Deadshirt Is Reading… is a weekly feature in which Deadshirt’s staff, contributing writers, and friends-of-the-site offer their thoughts on Big Two cape titles, creator-owned books, webcomics and more. For more of our thoughts on this week’s new comics, take a look at Wednesday’s Deadshirt Comics Shopping List.
Dom, Joe, Jason, and Max are reading…
In this month’s Multiversity Roundtable, Deadshirters Dom Griffin, Joe Stando, Jason Urbanciz, and Max Robinson fine-tuned their vibrational frequencies and shared their impressions of the installment out this week.
The Multiversity: Thunderworld Adventures #1
Written by Grant Morrison
Art by Cameron Stewart
DC Comics
“One word of advice. Don’t look away from the man with two strong arms–and you at either end of them!“
Max: After the full-fledged steak dinner that was Pax Americana, this month’s Multiversity outing was a welcome mid-course palette cleanser. Thunderworld, set on an Earth that’s more or less a modern take on the original CC Beck Captain Marvel comics, is distinctly lighter fare. Morrison’s plot is the perfect level of silly that Captain Marvel comics should be; the Drs. Sivana of multiple Earths team up to create an eighth day of the week called “Sivanaday” and finally beat the forces of good, and it’s up to Billy Batson and his friends to stop them. From a gang of Sivanas “heh-ing” menacingly in unison to the conversion of the Rock of Eternity into a drab office building, Morrison lays down some really quality gags that Stewart makes sing. So far each issue of Multiversity has detailed a different alternate DCU’s own private apocalypse, it’s fitting that Thunderworld is the one that has the most fun with it.
Jason: It’s appropriate that the month after the heaviness and dread of Pax Americana we get Thunderworld, the most gentle and shining issue of The Multiversity. Dr. Sivana, communicating with his multiverse counterparts he discovered via the Society of Super-Heroes comic, builds his own Rock of Eternity and endeavors to defeat Captain Marvel and his associates on the one day that evil can win on Earth-5, the new eighth day! Sivanaday! What follows is a fun clash between bright superheroes and their devious counterparts. This is an interesting book in the course of The Multiversity. It’s the first one in which Ultra Comics #1 doesn’t appear. Usually that comic is the source of the Gentry’s evil spreading throughout the multiverse. It could be that Ultra Comics is something too evil to even exist on a pure world like Earth-5. Even the villain, Dr. Sivana, is clearly grossed out by some of his counterparts. This comic’s success hinges on the art, and Cameron Stewart and Nathan Fairbairn deliver. It’s just so bright and clean, and some of the textures that Fairbairn adds to the backgrounds (especially on the spread where Cap crosses over from Earth to the Rock of Eternity) give the book a real three-dimensional heft.

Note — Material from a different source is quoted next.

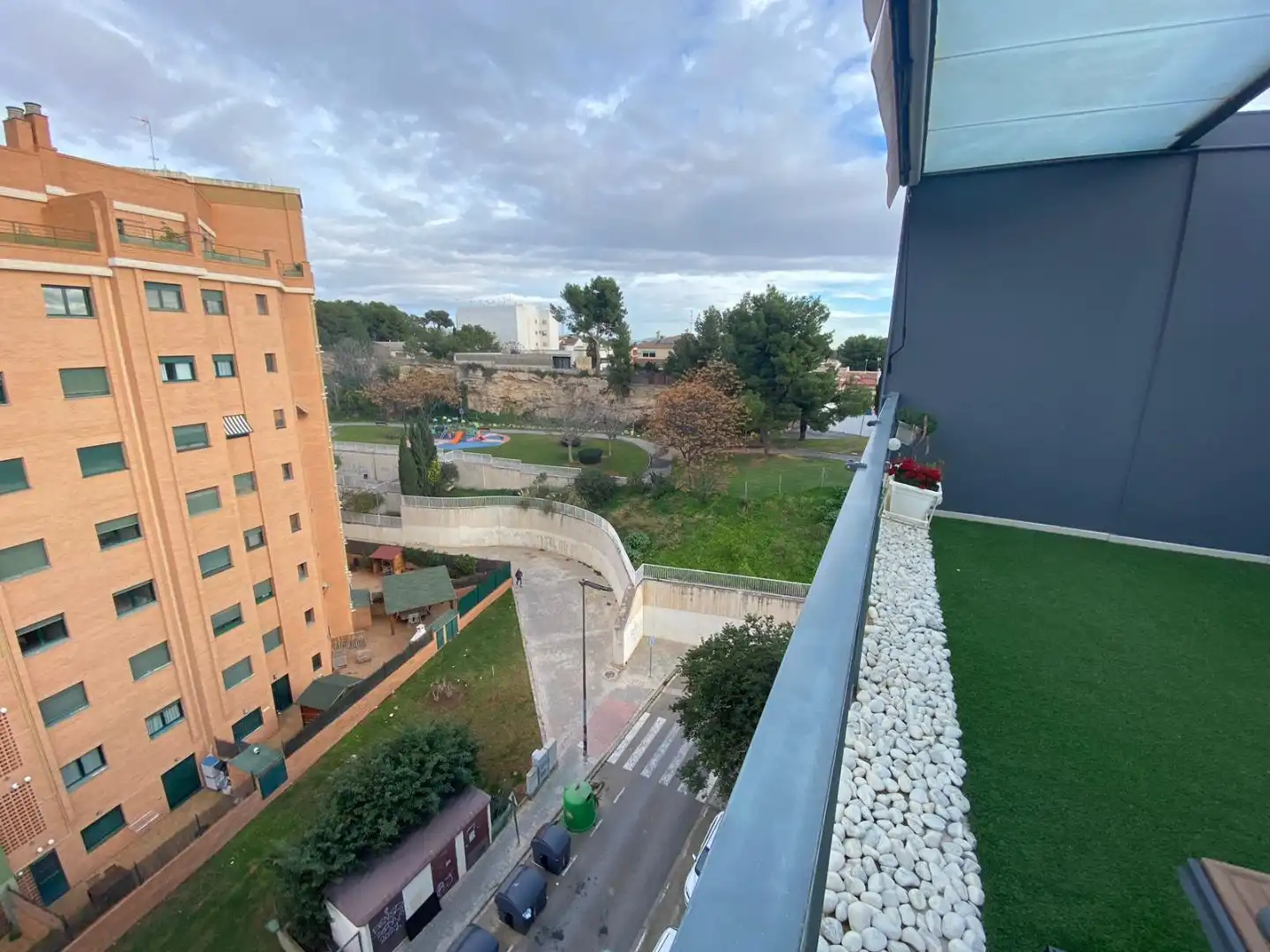 Vista exterior de Piso en venta en Paterna con Aire acondicionado, Terraza y Piscina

Dom: It’s sweet that Morrison and Stewart’s Pixar take on Captain Marvel is the first issue of Multiversity to have a happy ending (insofar as Pax Americana had no ending at all), but you can’t help but wonder if this is the idealistic calm before the storm. The primary forces battling here, the cold calculation of science and the hopeful mystery of magic, represent warring perspectives on the future of genre fiction. Do we nail everything down with quantifiable explanations and hyperreal interpretations of fantastical material, or do we trust in the magic words, the nebulous feelings that keep us safe and allow us to keep dreaming? Judging off the passive aggressive derision Sivana’s scientist is depicted with, it’s clear Grant has chosen his side. Have you?

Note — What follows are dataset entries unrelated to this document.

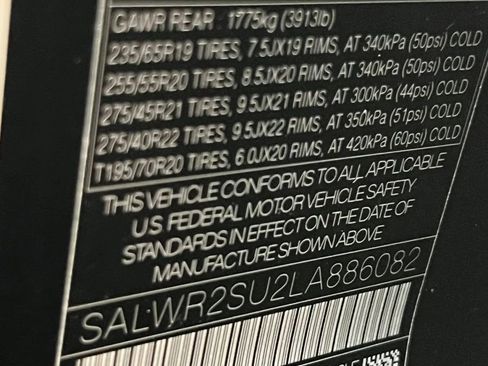 Used 2020 Land Rover Range Rover Sport HSE image 19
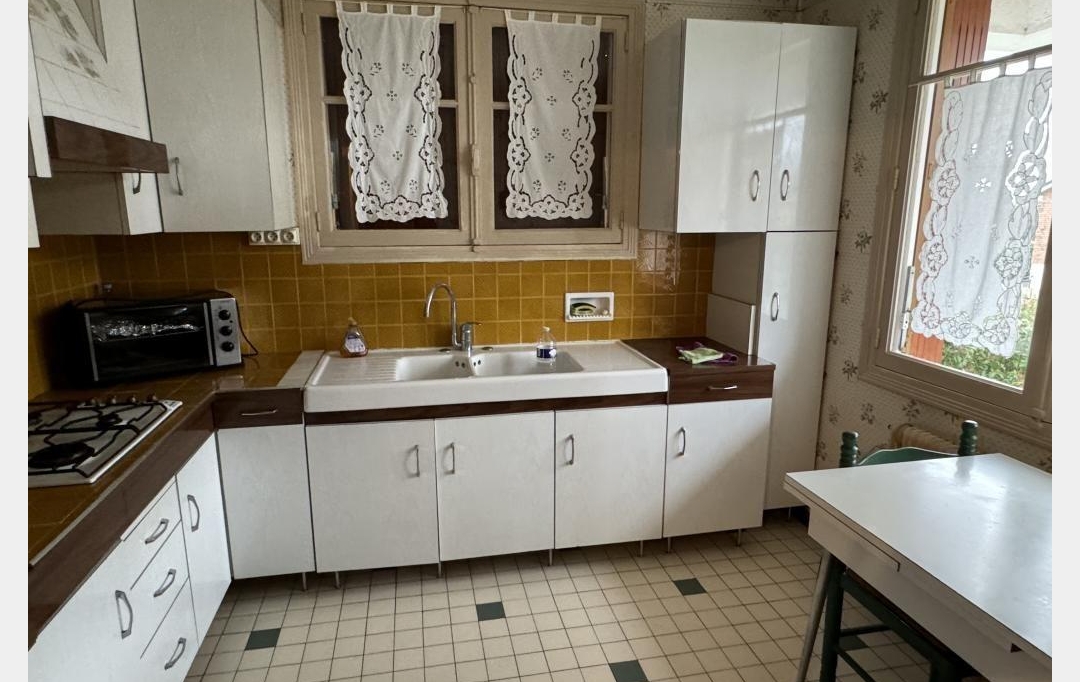 CHEVALIER IMMOBILIER : Maison / Villa | SAINT-AMAND-MONTROND (18200) | 152 m2 | 138 000 € 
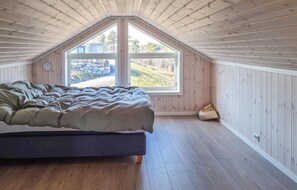4 bedrooms, travel cot, free WiFi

Joe: Everyone’s summed it up pretty well already, but Thunderworld was a welcome break from the density and pathos that have defined a lot of Multiversity so far. It’s a light, fun story, perfectly in keeping with its characters. It’s also maybe the funniest issue so far, and unlike the other laugh riot book The Just, everything here is kind and in good humor (although Mary Marvel’s “I wonder if I’d be very different at all” in another universe is some excellent shade thrown at the character’s misuse by DC). I know Morrison has said that each Multiversity issue could function like a backdoor pilot to an ongoing line, but this is probably the first story that’s left me yearning for more. Stewart and Fairbairn are a great team, and I’m glad they had such a fertile world to shape. I’ve reread Pax Americana and loved it, but that’s a sort of a challenge and academic exercise. Thunderworld is pure comfort food, just the way a Captain Marvel story should be.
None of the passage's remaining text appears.